[Opening Record excerpts section]
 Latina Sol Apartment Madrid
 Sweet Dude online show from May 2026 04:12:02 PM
[Closing Record excerpts section]
[Opening Record excerpts section]
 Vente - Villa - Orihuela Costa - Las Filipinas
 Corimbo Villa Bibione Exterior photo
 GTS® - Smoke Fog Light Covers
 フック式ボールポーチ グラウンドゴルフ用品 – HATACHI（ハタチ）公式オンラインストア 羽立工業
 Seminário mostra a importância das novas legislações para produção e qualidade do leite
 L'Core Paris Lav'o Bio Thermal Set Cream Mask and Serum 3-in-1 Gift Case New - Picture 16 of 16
[Closing Record excerpts section]
§ **Assignment**: Using only the entries above, output the line with "Latina Sol Apartment Madrid", the line with "Sweet Dude online", and all lines between them, exactly as they stand.

§ **Solution below**:
 Latina Sol Apartment Madrid
 Sweet Dude online show from May 2026 04:12:02 PM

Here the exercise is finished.